Thomas Loewenheim maintains an international career that combines cello performance, conducting, and teaching. He has toured North America, Europe, the Middle East, and the Far East, performing as soloist, recitalist, and chamber musician.

A devoted educator, Loewenheim is frequently invited to present master classes both nationally and internationally. He is Professor of Cello and Director of Orchestras at California State University, Fresno, Music Director and conductor of the Youth Orchestras of Fresno, and founding Artistic Director of the FOOSA Festival/Fresno Summer Orchestra Academy.

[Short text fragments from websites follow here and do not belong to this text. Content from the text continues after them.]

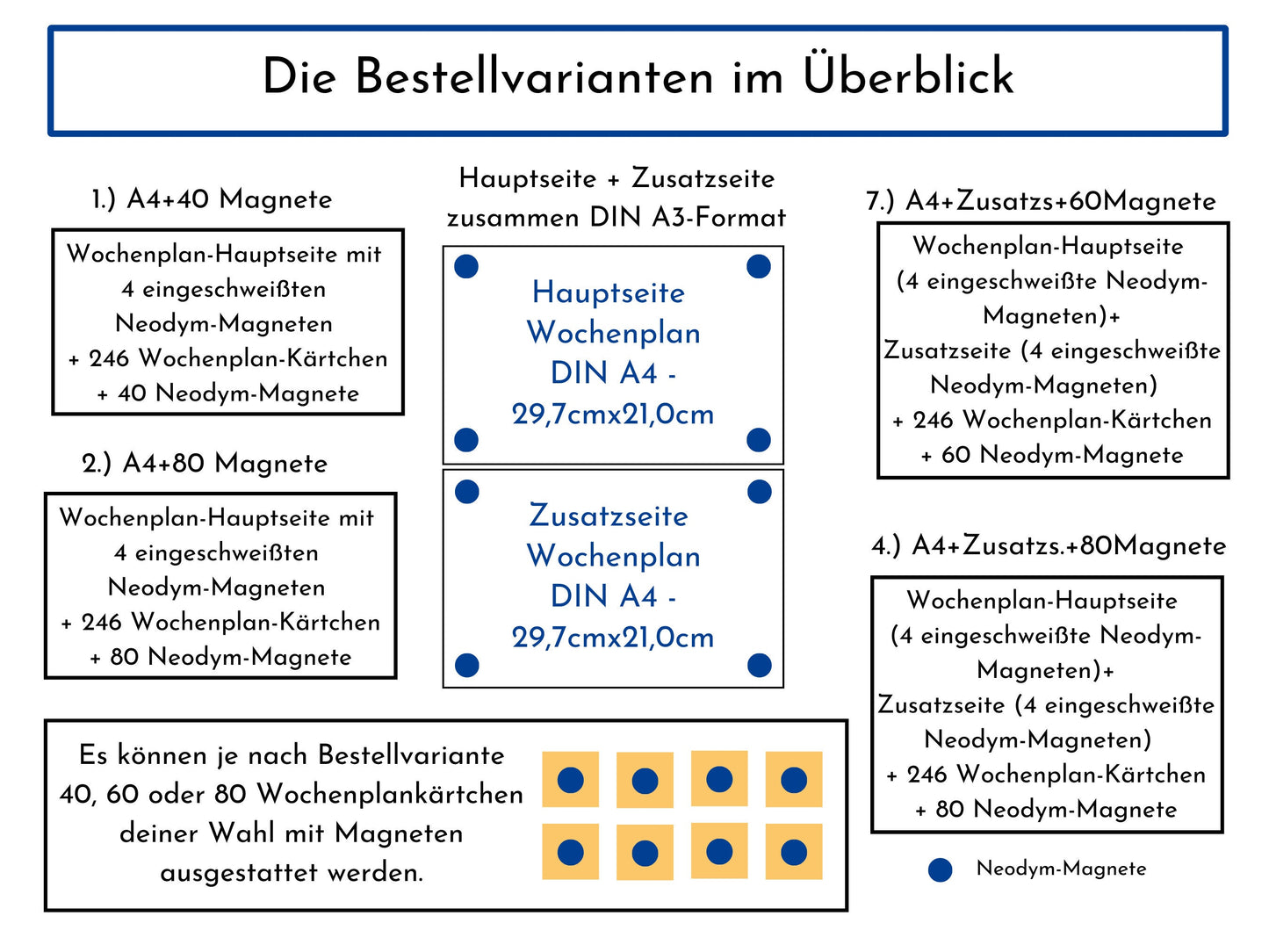 Magnetboard Wochenplan "Bauernhof" personalisiert für Kinder und Teenager, 246 Routine Karten, Neodym-Magnete, Montessori Routineplan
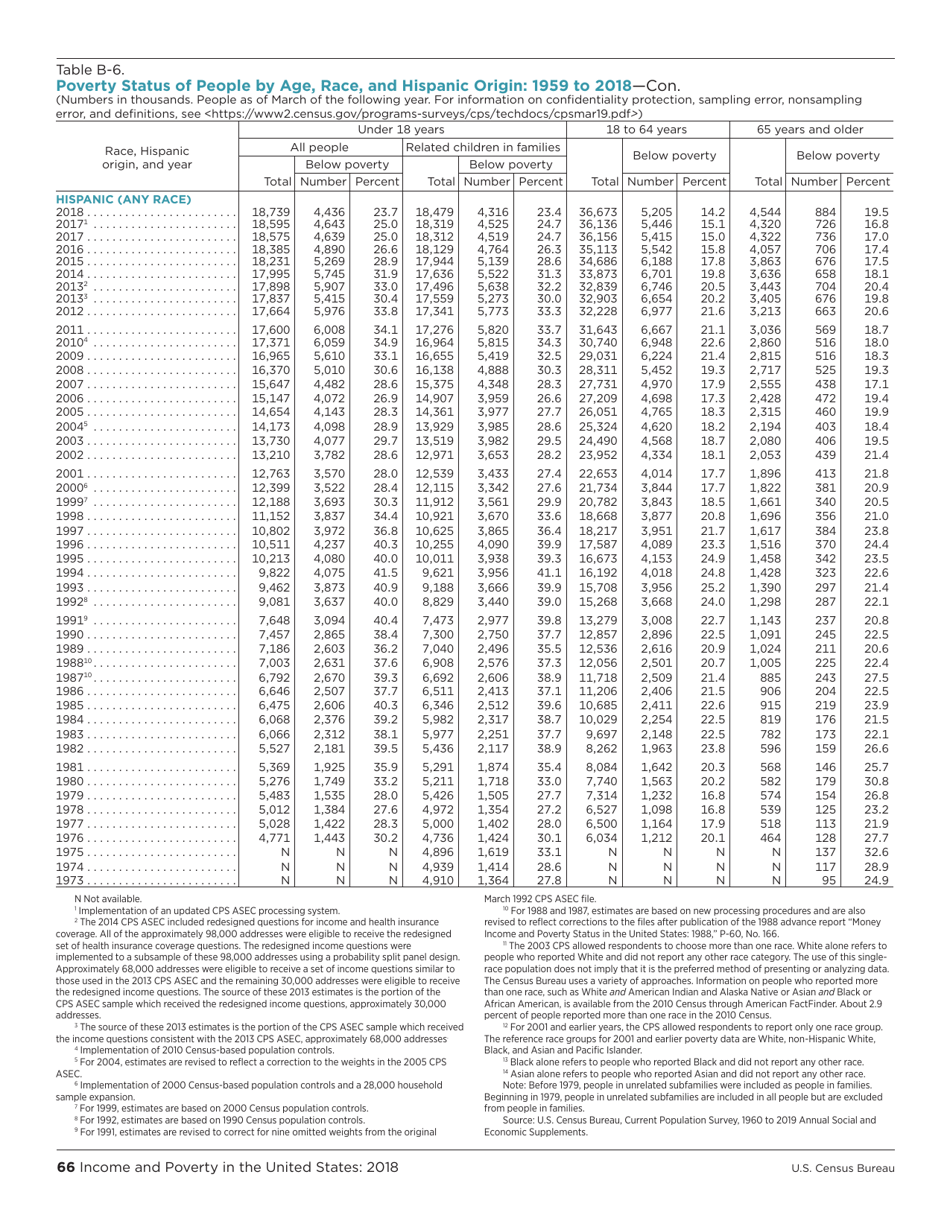 Income and Poverty in the United States, Page 74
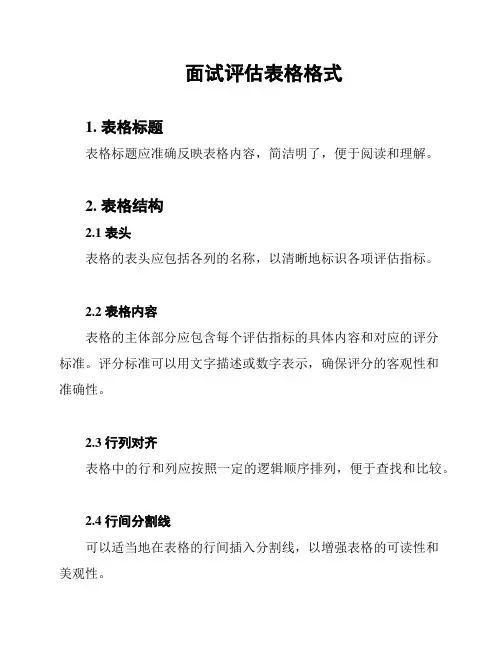 面试评估表格格式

Noted for his ability to lead any orchestra to peak performance level efficiently and enjoyably, Loewenheim is much in demand on the honor orchestra circuit. His unique combination of old-school reverence for music’s history and new-age passion for neglected and under-appreciated works has led to invitations to conduct throughout the United States, as well as in Europe and Asia. As conductor he has collaborated with numerous soloists, among them violinists Vadim Gluzman, Richard Lin, and Rachel Barton Pine, cellists Lynn Harrell, Clive Greensmith, and Brinton Smith, and pianists Peter Klimo, Steven Vanhauwaert, and Jeremy Denk.

As a cello soloist in his own right, he has most recently premiered Daniel Akiva’s Requests for Cello and Orchestra, a concerto dedicated specifically to Loewenheim. As a chamber musician he has collaborated with a wide range of musicians from cellist Lynn Harrell to violinist Martin Beaver to pianist Evelyne Brancart. Lately, with violinist Limor Toren-Immerman and pianist Peter Klimo, he has founded the Topelli Piano Trio.

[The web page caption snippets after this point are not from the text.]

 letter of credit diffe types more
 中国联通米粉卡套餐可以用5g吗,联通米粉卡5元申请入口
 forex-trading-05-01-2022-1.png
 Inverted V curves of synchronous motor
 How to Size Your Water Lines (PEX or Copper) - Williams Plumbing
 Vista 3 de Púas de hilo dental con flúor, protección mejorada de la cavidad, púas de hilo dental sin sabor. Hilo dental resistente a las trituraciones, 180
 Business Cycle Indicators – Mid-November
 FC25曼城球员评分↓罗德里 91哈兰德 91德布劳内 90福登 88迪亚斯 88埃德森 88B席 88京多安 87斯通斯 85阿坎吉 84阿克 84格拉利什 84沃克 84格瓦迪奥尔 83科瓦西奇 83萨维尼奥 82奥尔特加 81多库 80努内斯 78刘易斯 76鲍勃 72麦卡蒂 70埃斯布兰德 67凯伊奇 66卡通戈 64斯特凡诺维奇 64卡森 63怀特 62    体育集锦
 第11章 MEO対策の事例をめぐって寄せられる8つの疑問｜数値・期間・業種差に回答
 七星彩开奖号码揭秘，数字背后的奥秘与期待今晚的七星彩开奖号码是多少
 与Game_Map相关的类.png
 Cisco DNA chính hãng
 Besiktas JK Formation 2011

Loewenheim has been a guest artist at prominent music festivals around the world, among them the Montecito International Music Festival, the Music in the Mountains Festival and Conservatory in Durango, Colorado, and, in California, both CSU Summer Arts in Fresno, and the Chamber Music Unbound Festival in Mammoth Lakes…as well as his own FOOSA Festival/Fresno Summer Orchestra Academy.

Loewenheim’s discography includes conducted works as well as works for cello solo. Newly released is a CD on the Tonsehen label of Loewenheim conducting Mahler 5 with the FOOSA Philharmonic. Upcoming recordings will feature the same orchestra in two works from the first quarter of the 20th century: Sergei Lyapunov’s Piano Sextet and Ernest Bloch’s Concerto Grosso. An upcoming solo CD features virtuosic works for cello by Bach, Handel, Rózsa, and Ysaÿe.

Loewenheim earned a doctorate in cello performance from the renowned Jacobs School of Music at Indiana University, where he studied with Janos Starker and Tsuyoshi Tsutsumi, and was mentored in conducting by David Effron. He received a master’s degree from the University of Michigan under Erling Blöndal Bengtsson and a bachelor’s degree from the Rubin Academy for Music and Dance in Jerusalem. He plays a Jean Baptiste Vuillaume cello made in 1848.